__Data for this task__

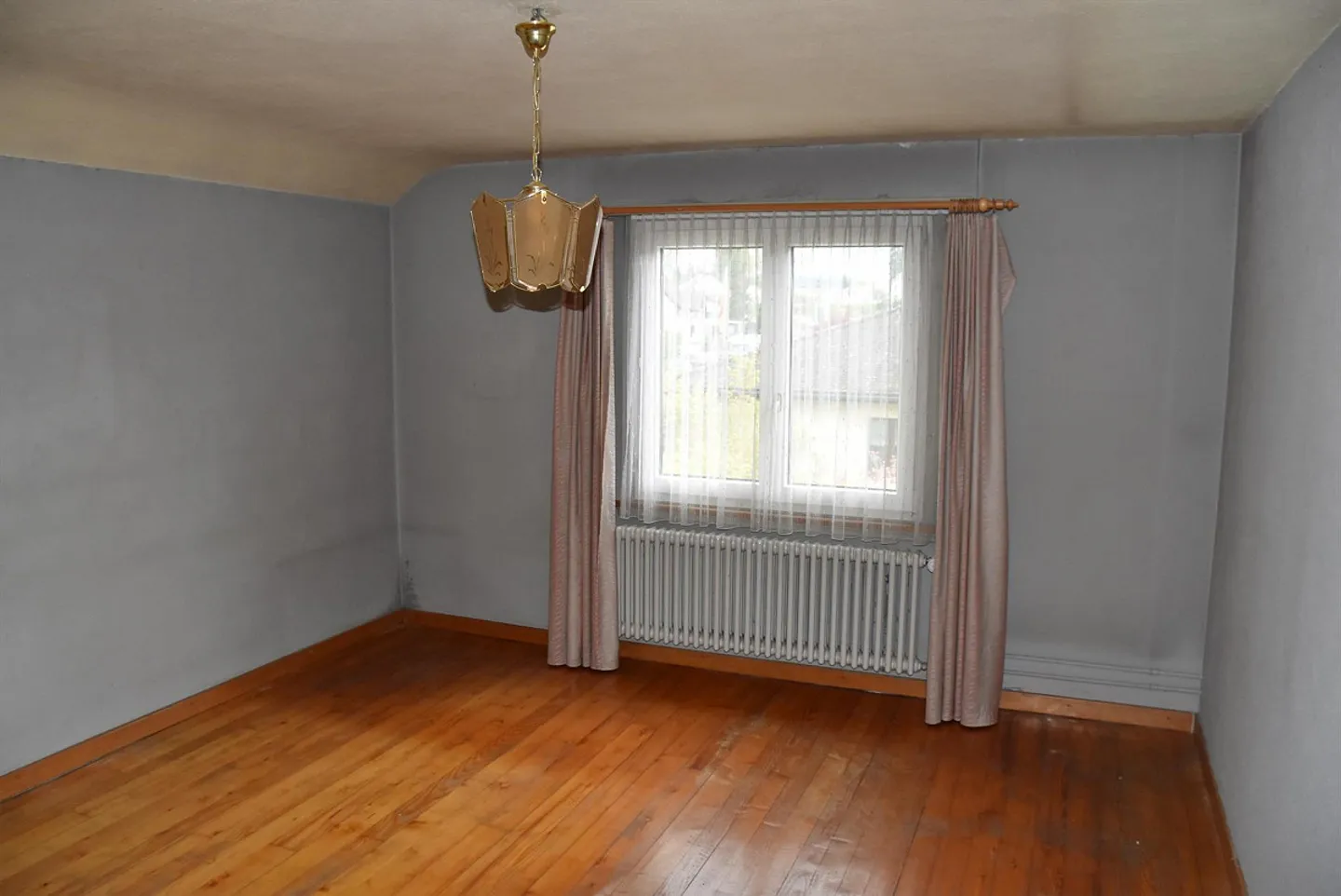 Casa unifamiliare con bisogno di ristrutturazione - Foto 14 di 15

...

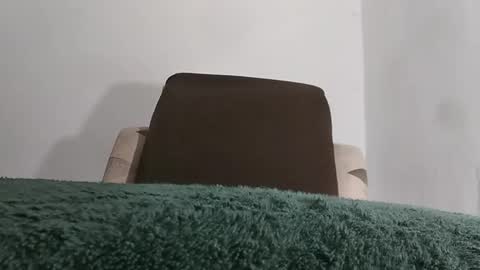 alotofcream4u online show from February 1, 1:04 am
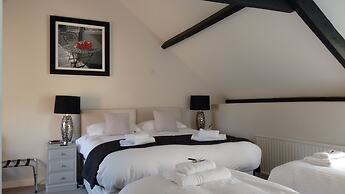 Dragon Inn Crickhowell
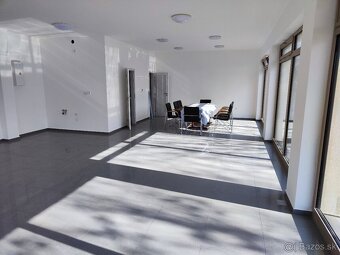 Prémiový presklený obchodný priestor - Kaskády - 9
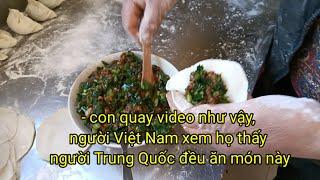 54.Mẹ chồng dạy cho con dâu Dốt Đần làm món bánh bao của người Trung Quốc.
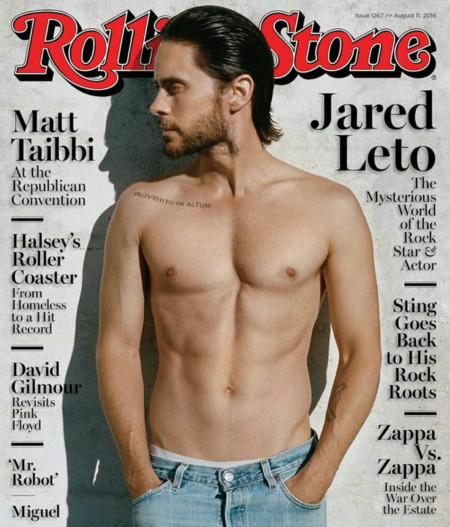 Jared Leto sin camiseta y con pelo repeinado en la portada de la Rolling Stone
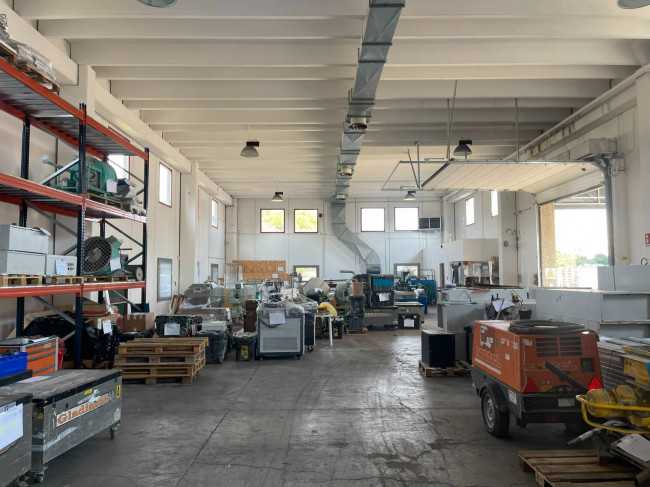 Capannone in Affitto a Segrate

---

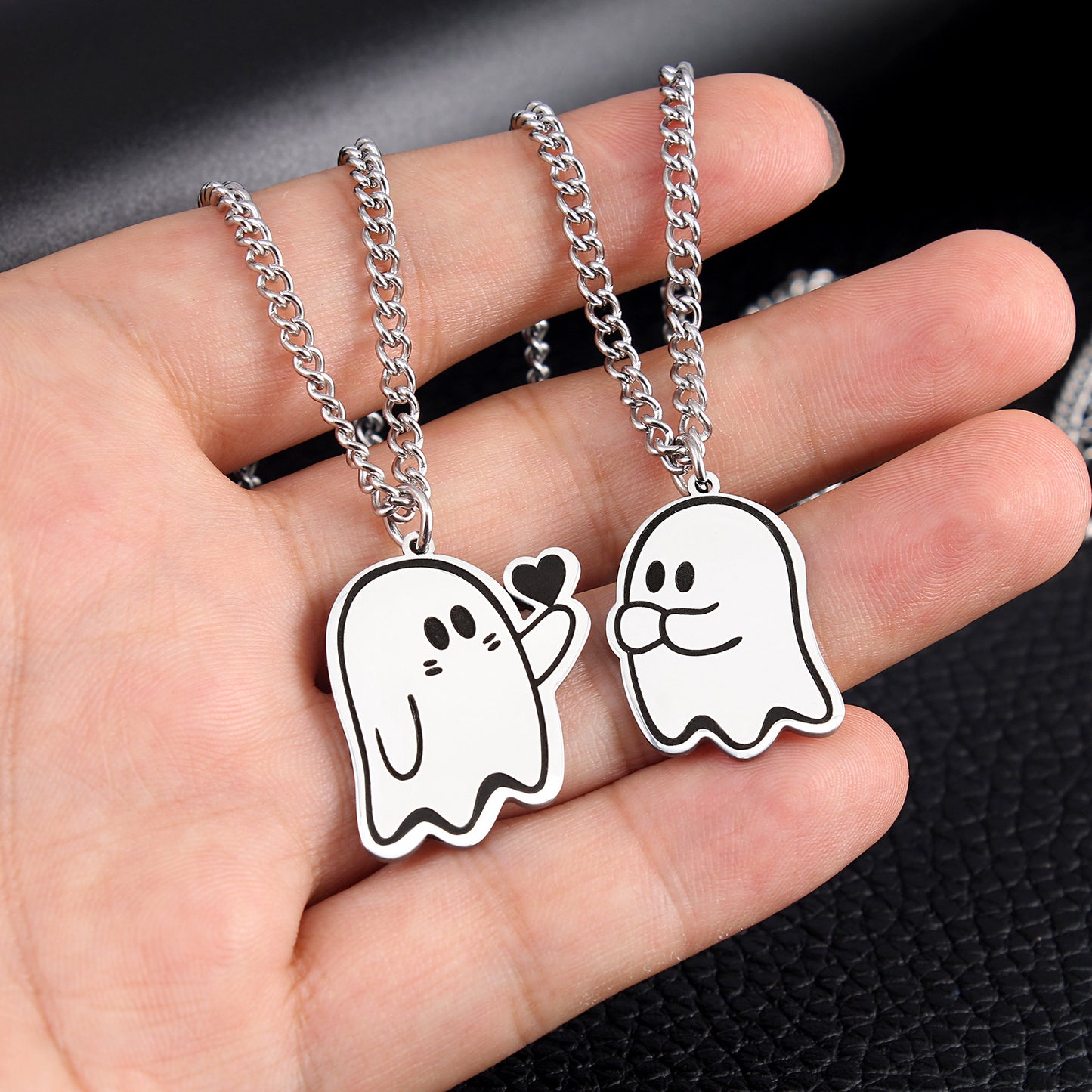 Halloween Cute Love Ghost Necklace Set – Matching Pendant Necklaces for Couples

__Directions__
Copy needed, without pictures: the lines of the listing above from the line containing "Prémiový presklený obchodný" up to and including the line containing "Capannone in Affitto a Segrate", set down exactly.

__Answer below__
 Prémiový presklený obchodný priestor - Kaskády - 9
 54.Mẹ chồng dạy cho con dâu Dốt Đần làm món bánh bao của người Trung Quốc.
 Jared Leto sin camiseta y con pelo repeinado en la portada de la Rolling Stone
 Capannone in Affitto a Segrate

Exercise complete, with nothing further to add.